Certain statements in this announcement constitute or may constitute forward-looking statements. Any statement in this announcement that is not a statement of historical fact including, without limitation, those regarding Tullow's future plans, intentions, expectations, estimates, operations, financial performance, financial condition and business is or may be a forward-looking statement. Such forward-looking statements are subject to risks and uncertainties that may cause actual results to differ materially from those projected or implied in any forward-looking statement. These risks and uncertainties include, among other factors, changing economic, financial, business or other market conditions. These and other factors could adversely affect the outcome and financial effects of the plans and events described in this announcement. As a result, you are cautioned not to place any reliance on such forward-looking statements. The forward-looking statements reflect knowledge and information available at the date of this announcement and, other than as may be required by law, Tullow undertakes no obligation to update its view of such risks and uncertainties or to update the forward-looking statements contained herein. Nothing in this announcement should be construed as a profit forecast or profit estimate and no statement in this announcement should be interpreted to mean that the future earnings per share of the Company for current or future financial years will necessarily match or exceed the historical or published earnings per share of Tullow.

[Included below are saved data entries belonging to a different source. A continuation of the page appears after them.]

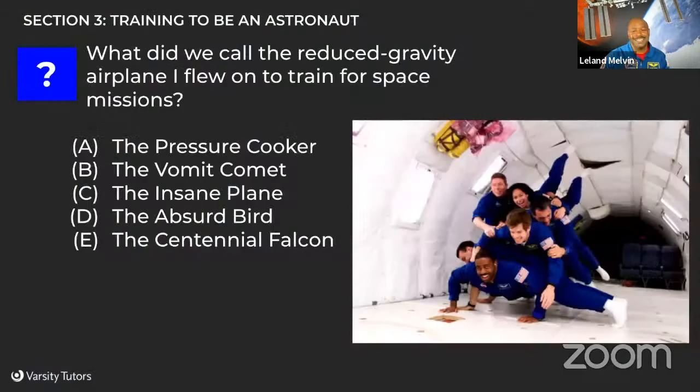Here's a question about training: what did we call the reduced gravity airplane I flew on to train for space missions? Is it A: the pressure cooker, B: the vomit comet, C: the centennial falcon, or D: the absurd bird? The answer is B — the vomit comet, also called the microgravity airplane. The airplane flies a parabola. Anyone ever been on a roller coaster? At the top, you're actually in microgravity — your stomach floats because gravity isn't fully pulling it down. In the airplane, we fly over this parabola and get 25 seconds of weightlessness.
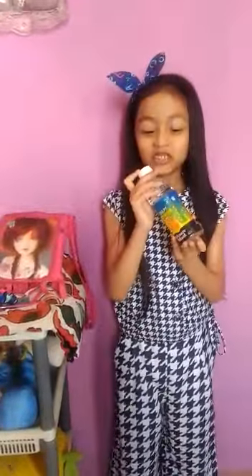And also I have a water bottle. I don't really use the water bottle that much, but it's okay. When I'm thirsty, I drink this.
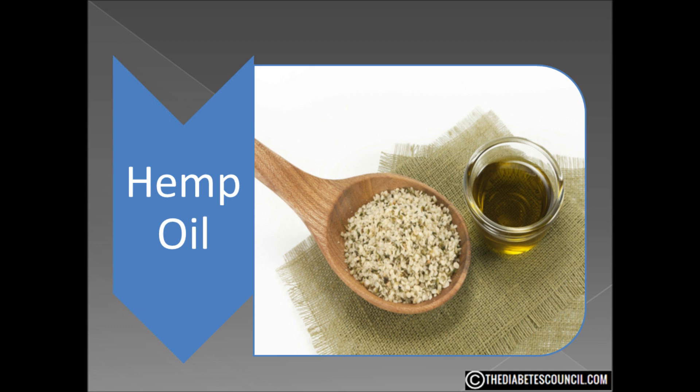Now that we got that out of the way, let's take a look at hemp seed oil, or hemp oil as it is also known. Hemp oil is produced by cold pressing the seeds and then extracting the oil. Cold pressing means the temperature of the seeds never exceeds 120 degrees Fahrenheit, which keeps the oil from losing nutritional value and flavor.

Securities may not be offered or sold in the United States absent registration under the United States Securities Act of 1933, as amended (the "US Securities Act"), or an exemption therefrom. The Company's ordinary shares have not been and will not be registered under the US Securities Act or under the securities laws of any state or other jurisdiction of the United States, and may not be offered or sold, resold, transferred or delivered in the United States except pursuant to an exemption from, or in a transaction not subject to, such registration requirements.